Noordzee groep
De bovenste laag van de ondergrond bestaat uit grondlagen en gesteenten die de afgelopen 65 miljoen jaar zijn afgezet aan de rand van het Noordzeebekken, een omvangrijk dalingsgebied. De oudste afzettingen zijn vele honderden meters dik en bestaan vooral uit zeeklei, zandige klei en mergel. Daarbovenop ligt tot 1000 meter zand en klei, aangevoerd door rivieren. Plaatselijk is ondiep aardgas aanwezig, soms ontstaan door vergisting van organisch materiaal (moerasgas), soms doordat gas via breuken uit diepere lagen is opgestegen.
Krijtkalk groep
Deze grondlaag van plaatselijk tot 1500 meter dik bestaat uit dikke pakketten kalksteen en zandsteen, afgezet in een ondiepe zee. De fijnkorrelige kalksteen is opgebouwd uit de skeletjes van kleine zeediertjes. De kalkafzettingen uit Zuid-Limburg (soms foutief aangeduid als ‘mergel’) behoren tot deze groep, die vrijwel overal in de Nederlandse ondergrond voorkomt.
Rijnland groep
De Rijnland groep betreft zandsteenlagen tot 1400 meter dik, afgezet in rivieren, kustzones en diepere zeeën tijdens een periode van sterke daling. Deze lagen in de ondergrond zijn tegenwoordig een belangrijk reservoirgesteente voor olie en gas, dat afkomstig is uit dieper gelegen moedergesteente.
Jura groepen
Op een kleipakket van plaatselijk 1800 meter dik ligt de zogeheten ‘Posidonia schalie’, een grondlaag van grijze tot zwarte kleisteen uit het Vroeg-Jura. Gebrek aan zuurstof zorgde ervoor dat het organisch materiaal in dit gesteente niet kon vergaan. In de ondergrond van Frankrijk, Nederland en Neder-Saksen is de Posidonia schalie daardoor vaak het moedergesteente voor olie en (schalie)gas. Deze laag is 30 tot 50 meter dik en bevindt zich 900-3500 meter onder de grond. Er bovenop liggen zand, klei en kalksedimenten en gesteenten die zijn afgezet in kust, delta- en riviergebieden.
Trias groepen
Bij de Trias groepen gaat het om afzettingen die voorkomen in de ondergrond van West- en Midden-Europa ten noorden van de Alpen.
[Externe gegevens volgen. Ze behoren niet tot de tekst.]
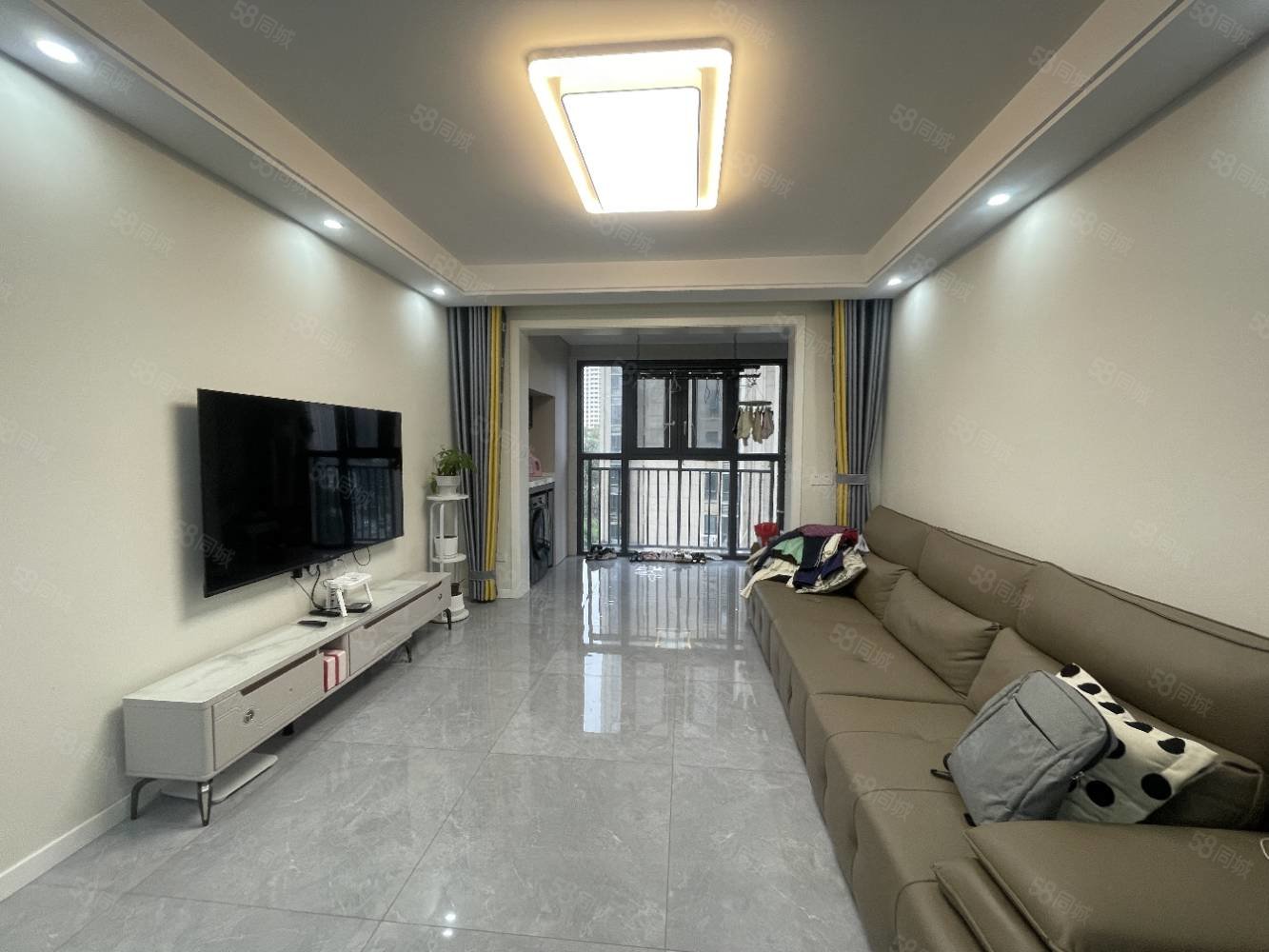 和昌国际城二期4室2厅1卫110㎡南北69万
Ze bestaan uit drie duidelijk verschillende gesteenten: Bontzandsteen, Muschelkalk (kalksteen met veel fossiele schelpen) en Keuper (schalie of kleisteen). Vandaar de naam Trias (= drie-eenheid). In Nederland winnen we steenzout uit Triasafzettingen. Kalksteen uit de steengroeve in Winterswijk is een grondstof voor kunstmest.
Zechstein groep
Deze grondlaag van de Zechstein groep bestaat uit steenzoutpakketten, ontstaan door indamping van zeewater. Deze laag is soms meer dan 1500m dik. Deze ondoorlatende laag fungeert als afsluitingsgesteente voor het onderliggende reservoir met olie en gas. Als dit gesteente onder invloed van druk gaat vloeien, ontstaan in de ondergrond plaatselijk zoutpilaren van duizenden meters hoog.
Rotliegend groep
De Rotliegend groep ligt bovenop maximaal tachtig meter vulkanische afzettingen, zoals basalten en vulkanische tufstenen. Deze grondlaag van maximaal zevenhonderd meter dik bevat wind- en rivierafzettingen, o.a. zandsteen en kleisteen. Het overgrote deel van het Nederlandse aardgas, opgestegen uit dieper gelegen steenkool, zit gevangen in deze slecht doorlatende gesteenten.
Limburg groep
Deze bodemlaag bestaat uit dikke pakketten steenkool met rivier- en moeraszanden en kleien. Tot deze gesteentelagen behoren de steenkoolvoorkomens van Zuid-Limburg. In een klein gebiedje in Zuid-Limburg komen ze aan het oppervlak, overal elders in Nederland zitten ze op een paar kilometer diepte in de ondergrond.
Kolenkalk groep
Deze bodemlaag bestaat uit dikke kalksteenpakketten omringd door dikke schaliepakketten. Als ze rijk zijn aan organische stof, bevatten deze schalies van de ‘Geverik member’ mogelijk schaliegas. Ondanks de naam bevatten deze gesteentelagen geen steenkool
Devoon groep
Diep in onze ondergrond liggen Midden- en Laat-Devonische afzettingen, te diep voor rendabele winning van delfstoffen. Typisch voor het Devoon zijn rode zanden en de afbraakproducten van nabijgelegen gebergten (conglomeraten). Daar bovenop liggen zand, klei en kalkige afzettingen, afgezet door de oprukkende zee.
Siluur groep
De meest diepgelegen laag van de de Nederlandse ondergrond zijn de afzettingen uit het Siluur. Deze zijn aangetroffen vele kilometers diep in Zuid-Nederland en onder de Noordzee. Deze bodemlaag is te diep voor het winnen van delfstoffen. Meestal bestaat de laag uit kwartsieten zonder fossielen.